Esnobe, sistemático e controlador, eis o Totó. E eis a razão por que tive tantas dificuldades em lidar no dia a dia com ele. Como me ajustar às suas manias de conviver a conta gotas? De particularizar o afeto? No colo da minha mãe, me rejeita. No meu colo, rejeita minha mãe. No colo da Ana, rejeita a mim e a minha mãe! Da Amanda, rejeita a nós três! E quando a Jade chegou, ele trocou de vez o meu quarto pelo quarto da minha mãe. Apoderou-se da cama dela como se fosse o paraíso perdido! Tornou seu território, renunciou à vida.
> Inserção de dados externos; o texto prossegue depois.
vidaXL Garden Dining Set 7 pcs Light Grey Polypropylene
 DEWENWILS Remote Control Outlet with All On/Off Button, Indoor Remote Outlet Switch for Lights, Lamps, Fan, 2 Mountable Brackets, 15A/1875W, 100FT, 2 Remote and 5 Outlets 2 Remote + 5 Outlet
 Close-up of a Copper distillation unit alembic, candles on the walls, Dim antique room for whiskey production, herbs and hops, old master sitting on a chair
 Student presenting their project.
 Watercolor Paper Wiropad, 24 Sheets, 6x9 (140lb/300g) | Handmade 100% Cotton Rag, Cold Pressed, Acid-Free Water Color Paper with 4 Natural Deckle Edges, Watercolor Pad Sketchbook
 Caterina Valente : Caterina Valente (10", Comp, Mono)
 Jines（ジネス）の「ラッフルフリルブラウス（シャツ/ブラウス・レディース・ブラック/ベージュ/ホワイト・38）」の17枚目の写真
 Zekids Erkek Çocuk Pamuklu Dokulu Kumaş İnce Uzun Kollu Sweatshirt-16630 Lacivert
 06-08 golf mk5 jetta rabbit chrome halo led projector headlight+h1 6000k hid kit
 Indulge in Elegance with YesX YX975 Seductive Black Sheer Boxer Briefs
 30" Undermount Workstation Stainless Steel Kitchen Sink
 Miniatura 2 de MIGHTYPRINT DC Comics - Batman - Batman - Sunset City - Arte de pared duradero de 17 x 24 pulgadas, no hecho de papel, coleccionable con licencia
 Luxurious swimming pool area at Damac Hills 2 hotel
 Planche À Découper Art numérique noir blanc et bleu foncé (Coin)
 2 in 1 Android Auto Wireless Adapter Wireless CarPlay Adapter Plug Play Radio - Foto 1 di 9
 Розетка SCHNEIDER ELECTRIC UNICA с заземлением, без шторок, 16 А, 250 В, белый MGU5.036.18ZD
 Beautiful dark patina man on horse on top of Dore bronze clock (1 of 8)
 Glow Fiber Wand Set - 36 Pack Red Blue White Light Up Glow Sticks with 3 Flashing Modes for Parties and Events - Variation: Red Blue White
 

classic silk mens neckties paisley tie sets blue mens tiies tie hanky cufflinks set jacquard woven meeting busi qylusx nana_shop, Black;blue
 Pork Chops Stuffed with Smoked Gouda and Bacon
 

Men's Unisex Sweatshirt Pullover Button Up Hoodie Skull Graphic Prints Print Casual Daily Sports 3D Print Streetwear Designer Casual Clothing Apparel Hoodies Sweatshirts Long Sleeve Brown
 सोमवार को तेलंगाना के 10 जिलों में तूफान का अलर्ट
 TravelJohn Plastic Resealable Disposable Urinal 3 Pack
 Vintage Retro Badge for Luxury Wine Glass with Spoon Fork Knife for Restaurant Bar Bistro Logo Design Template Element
Jade, que entrara pela janela da sala, pulara para o chão e, posicionando-se ao canto, no fim do corredor, pôde muito bem observar a triste cena. E, lógico, compreendeu a dinâmica, lançando olhares ternos para o Totó, que absolutamente nada percebeu. Parado ao meio do corredor, estava fixo, raivosamente fixo na cena de afeto que acontecia sobre a bancada. Vencido pela tristeza, Totó mudou o comportamento. Pediu colo, seu corpo soerguido, a senha que mamãe tão bem conhece. Mas ela desconsiderou. E neste momento de suprema dor, Totó arquitetaria seu macabro plano. Nunca antes havia feito xixi na cama da minha mãe.
Mais tarde, aproximando-se do anoitecer, por insistência, mamãe colocou Totó na cama dela. Isto nos faz crer que quando mamãe o colocou na cama, ele já estava de caso pensado. Tanto que Jade percebera o movimento. Ela foi até o quarto, pulou sobre a cama e se aproximou do Totó. Exatamente não se sabe o que Jade pretendia, mas é bem certo que viera para prestar solidariedade. Ele se afastou, posicionou-se sobre o travesseiro da mamãe e fez o xixi, encarando a Jade. Queria encarar a mamãe, na falta dela, encarou a Jade. E Jade compreendeu tudo. Não devemos ficar calados com nossas dores. No entanto, resta-nos saber como gritá-las! No caso do Totó, utilizou-se de sua maldade secreta para se vingar. Jade, que a tudo observava, compreendeu que era hora de se retirar do local do crime.